Pleno.News inicia série sobre o tema que preocupa toda população com aumento de mortes e agressões contra mulheres
Virgínia Martin - 22/01/2019 14h36 | atualizado em 22/01/2019 17h56
O ano de 2019 já tem seu lamentável registro de casos de feminicídio. E os números não param de crescer. Só nos primeiros 11 dias deste ano, 33 mulheres foram vítimas desse crime. De acordo com o Atlas da Violência 2018, 13 mortes violentas de mulheres são registradas por dia. Elas morrem esfaqueadas, estranguladas, espancadas, baleadas… E mesmo após a criação da Lei do feminicídio em 2015, a violência não tem sido contida. A lei n 13.104 foi criada para endurecer a punição de criminosos.
O Brasil ocupa hoje o quinto lugar no ranking de feminicídio do mundo. Instituiu a Lei Maria da Penha (2006), a Lei do feminicídio (2015), o Projeto Violeta (2015). Criou campanhas de conscientização e disponibilizou o serviço Disque Denúncia 180. E os homens continuam matando, gerando uma epidemia maléfica na sociedade. Mas diante de um acumulado de índices e estatísticas, a atenção se volta para os questionamentos: o que faz um homem subjugar e matar uma mulher, seja por qual motivo for?
Políticas públicas também precisam combater a questão cultural da sociedade machista
O advogado criminalista e professor de Direito Penal Carlos Fernando Maggiolo traz uma explanação sobre a lógica comportamental para que homens continuem matando mulheres em crimes de ódio. Nesta análise, ele explica que é preciso sair do Direito Penal e entrar na Sociologia Jurídica. Porque não se pode querer editar leis penais que determinem normas de conduta para toda uma sociedade e querer que a sociedade se comporte de acordo com as expectativas da nova lei, sem que haja a adoção de políticas públicas voltadas a combater as verdadeiras causas desses crimes de feminicídio.
– Sempre houve uma incidência grande de feminicídio no Brasil – agora esses crimes ganharam um nome próprio e a imprensa vem denunciando implacavelmente – o que merece louvor – porque só assim conseguiremos com que o Estado adote as políticas públicas necessárias, ressalta Maggiolo, lembrando que estas políticas precisam também combater a questão cultural da sociedade machista.

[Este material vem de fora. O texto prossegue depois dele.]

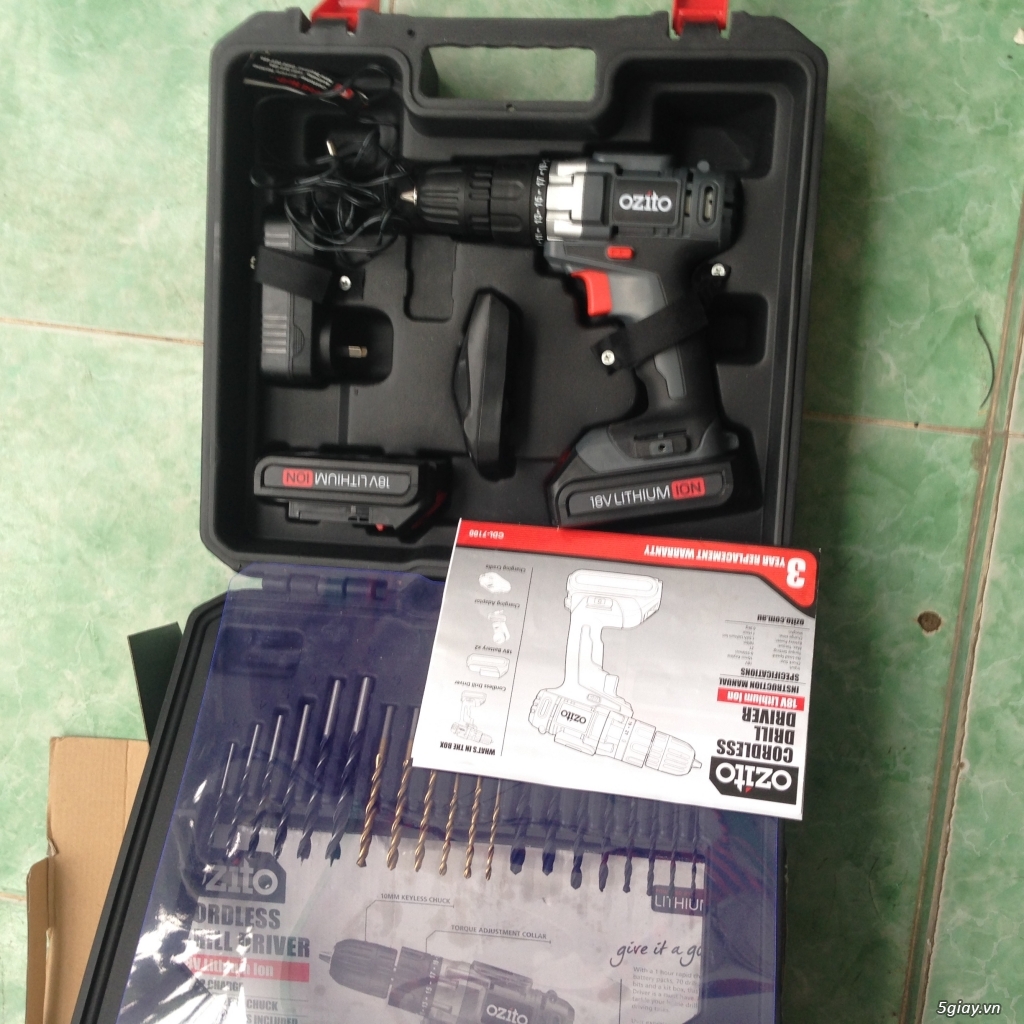 Dụng cụ cầm tay AEG, RYOBI, OZITO 12v , 18v máy cắt, nhám, ...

Ele destaca a cultura do homem como provedor da família, a honra masculina e todas as questões culturais que se contrapõem ao movimento de defesa da mulher.

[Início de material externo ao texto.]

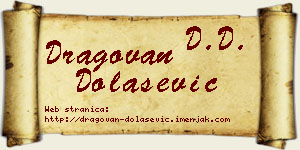 Dragovan Dolašević vizit kartica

Mas se há o arroxo das leis Maria da Penha, do Feminicídio, do projeto Violeta, do Disque Denúncia, como os crimes continuam crescendo? Maggiolo observa que há um choque entre as duras penas da lei e o comportamento social. Em sua opinião e experiência como criminalista, não se pode mudar comportamento por decreto. A própria Lei Maria da Penha ostenta uma pena mais rigorosa – reclusão de 12 a 30 anos. E não deu conta de diminuir as ocorrências de homicídios. O advogado ainda explica que a Lei Maria da Penha não endureceu as penas desses crimes de violência contra a mulher. Ela criou institutos processuais de proteção da mulher.
– O Disque-Denúncia, nesses casos, quando entra em campo, já é tarde. O vizinho preza pela imagem da família, os familiares também – e quando resolvem denunciar é porque já chegou na situação caótica. Se de um lado há que se agravar a situação penal desses criminosos, há que se adotar as políticas públicas de conscientização da população. O nome disso é educação.

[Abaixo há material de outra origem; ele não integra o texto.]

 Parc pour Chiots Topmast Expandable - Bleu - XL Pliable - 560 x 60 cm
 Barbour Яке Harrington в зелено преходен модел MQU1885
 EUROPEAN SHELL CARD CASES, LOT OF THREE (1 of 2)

Existem situações agravantes em que a pena do feminicídio pode ser aumentada em 1/3 ao tempo de reclusão. Se a condenação é de 15 anos de prisão, o preso pode cumprir 20 anos de detenção se tiver cometido o feminicídio no seguintes casos:
- Durante a gestação ou nos três primeiros meses posteriores ao parto;
- Contra menor de 14 anos ou maior de 60 anos de idade;
- Contra uma mulher com deficiência;
A sociedade sofre com a ocorrência dos crimes pela falta de educação
É consenso comum que a transformação da população passe muito mais pela educação do que pela punição. O psicanalista e capelão prisional Rodrigo Cunha Silva trabalha há 14 anos como agente religioso da SEAP (Secretaria de Estado de Administração Penitenciária) e se preocupa com o aumento de feminicídio no país. Observa que sempre existiu e agora ganha maior repercussão e persiste de forma quase desenfreada. Mas destaca que a sociedade sofre com a ocorrência dos crimes pela falta de educação. Exemplifica que até animais precisam ser educados, mesmo que tenham uma natureza agressiva.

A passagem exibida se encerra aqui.